When you reach the line containing "Land Rover Range" in the entries below, begin reproducing lines exactly, and stop once the line containing "Coach Light Pink" is done.

▶ [Records]
········
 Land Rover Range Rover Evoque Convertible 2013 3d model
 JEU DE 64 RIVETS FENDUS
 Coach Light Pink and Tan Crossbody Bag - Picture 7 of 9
········
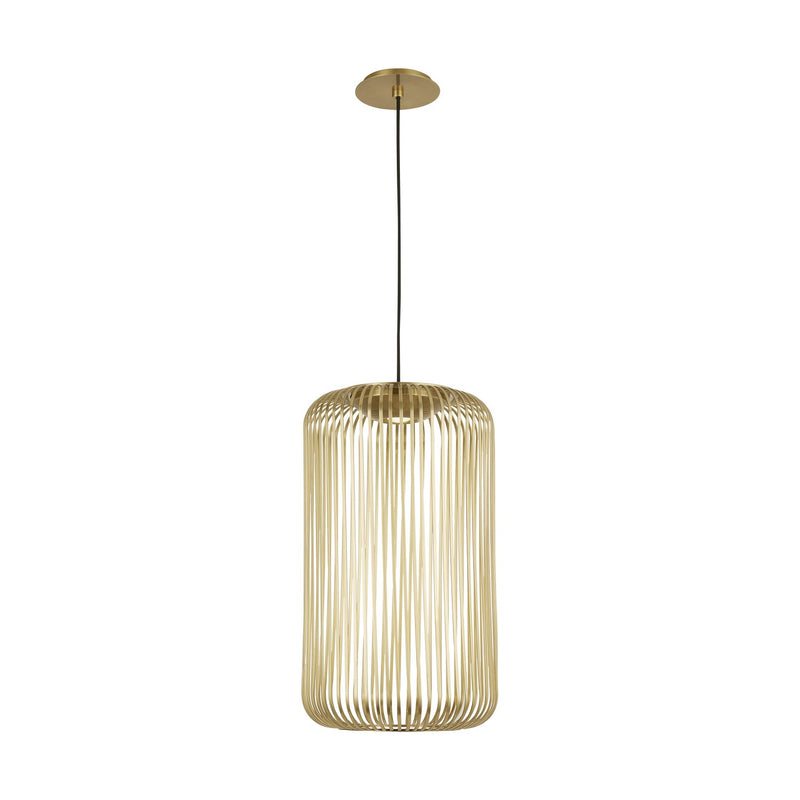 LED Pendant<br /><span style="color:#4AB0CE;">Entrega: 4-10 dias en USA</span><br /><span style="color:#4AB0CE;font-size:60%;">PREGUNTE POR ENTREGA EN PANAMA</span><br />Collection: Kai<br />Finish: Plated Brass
········
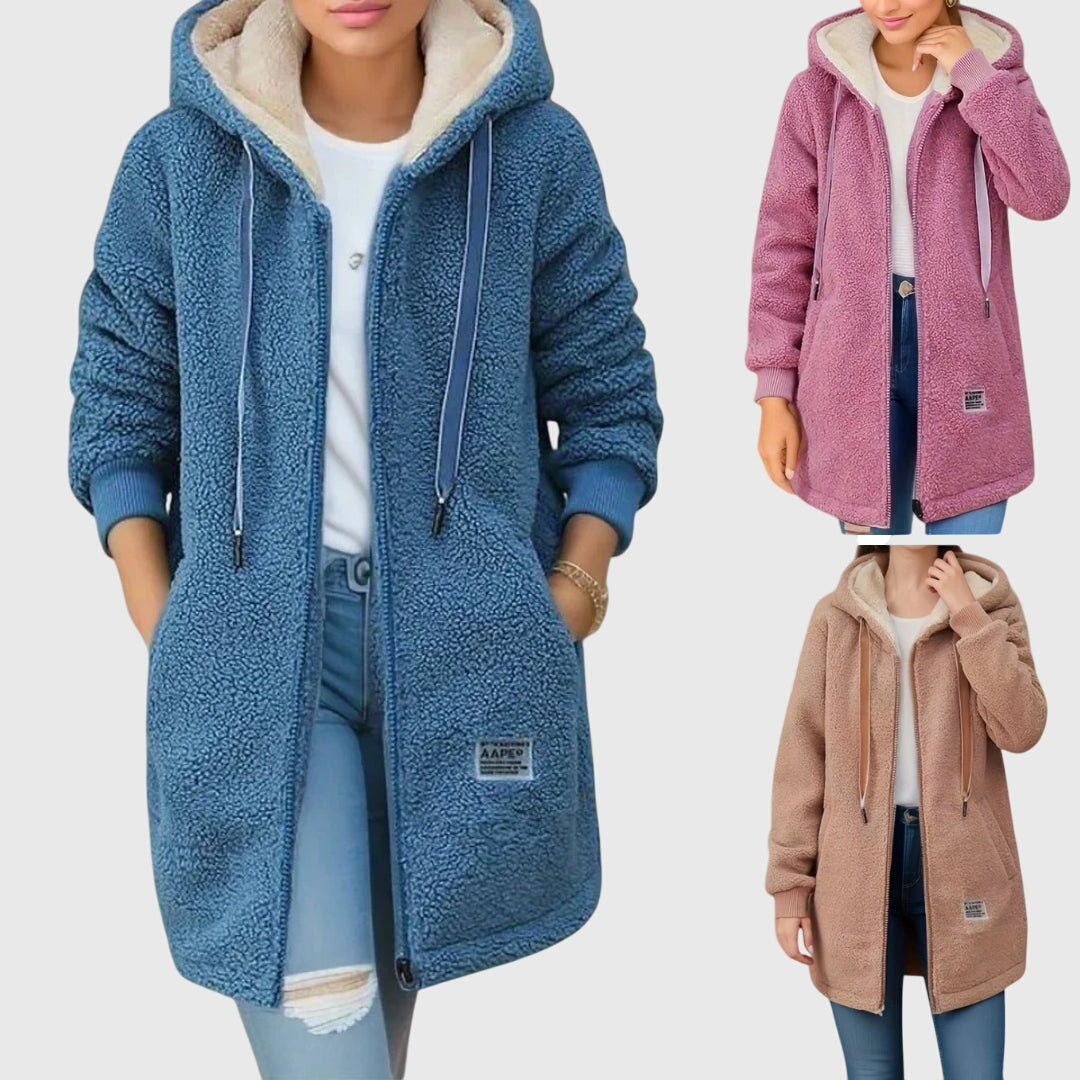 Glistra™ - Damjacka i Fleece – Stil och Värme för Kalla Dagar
········
▶ [Answer below]
 Land Rover Range Rover Evoque Convertible 2013 3d model
 JEU DE 64 RIVETS FENDUS
 Coach Light Pink and Tan Crossbody Bag - Picture 7 of 9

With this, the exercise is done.